HUB is advocating for the addition of separated lanes to Commercial Drive to provide cyclists with safe, easy access to local businesses.
According to O'Melinn, 10 per cent of residents in the Commercial Drive neighbourhood currently rely on their bikes as their primary source of transportation.
"And this is in a neighbourhood without bike infrastructure," she said.
Business owners in the area aren't convinced, however.
Nick Pogor is the executive director of Commercial Drive Business Improvement Association, and he says any bike lane options that displace parking spots would hurt businesses.
"We're all for bikes and alternative modes of transportation, but businesses along the street need parking, on both side of the street," he said. "I think it would really change the character of the street in a negative way, because the mom-and-pop stores wouldn't survive."

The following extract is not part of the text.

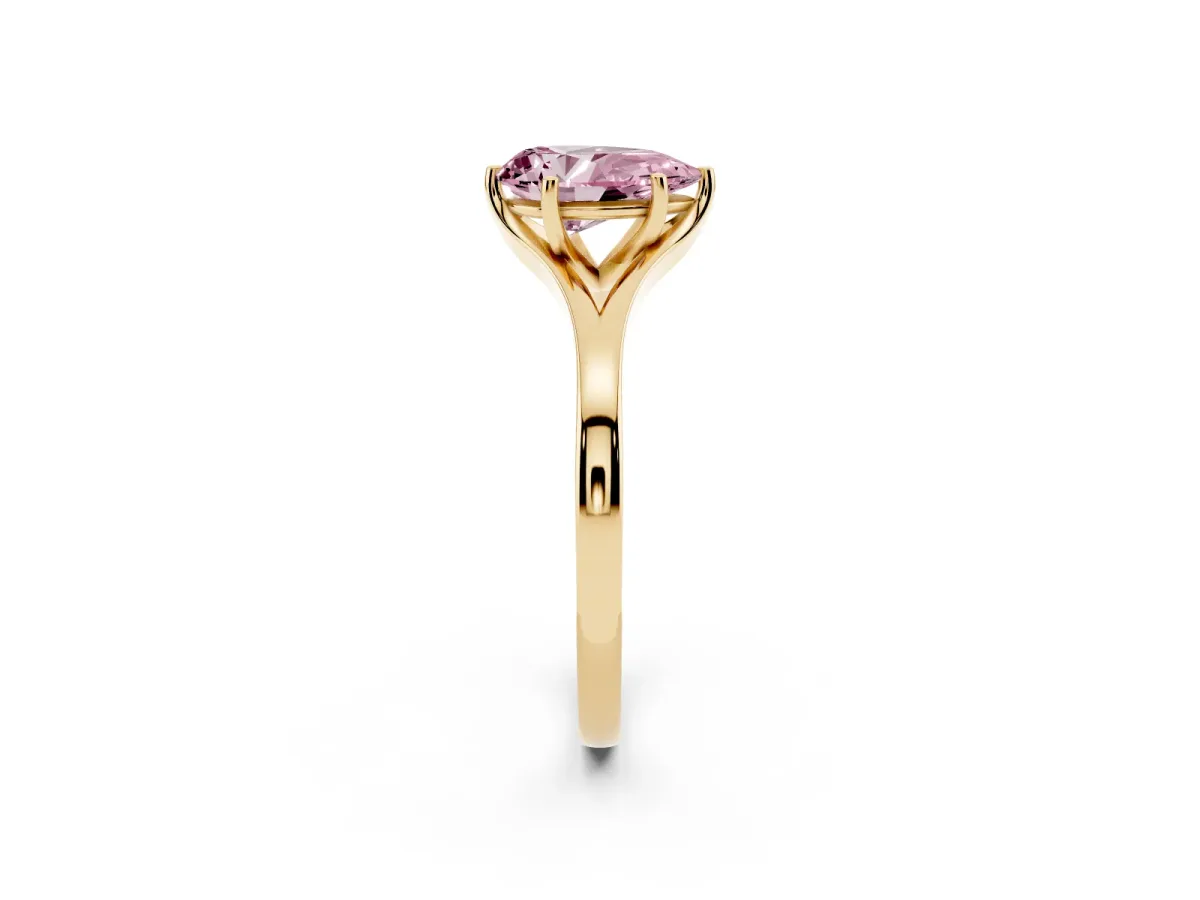 Fancy Pink Pear Cut Solitaire Diamond Ring with Six-Prong Setting and Tapered Band Yellow gold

Pogor said the BIA would interested in placing bike lanes on side streets that are closer to Commercial than the current options.
However, separated bike lanes may actually improve business, HUB contends.
According to O'Melinn, a recent study conducted along the busy Toronto shopping district of Bloor Street found that merchants vastly overestimated how many of their customers use cars. Meanwhile, studies done in Seattle and New York have suggested bike lanes there have had a positive effect on business.
"The impact is almost always positive when bike infrastructure is placed on commercial streets," said O'Melinn. "A parking spot [accommodates] just one customer, but a bike rack is 10 people."
With a review of the Grandview-Woodlands Community Plan currently taking place, O'Melinn is hopeful the City of Vancouver will see fit to consider adding cycling infrastructure to the Commercial Drive corridor. She says some businesses she's talked to in the area support separated bike lanes, including a number of the coffee shops.
"But any change is hard," says O'Melinn.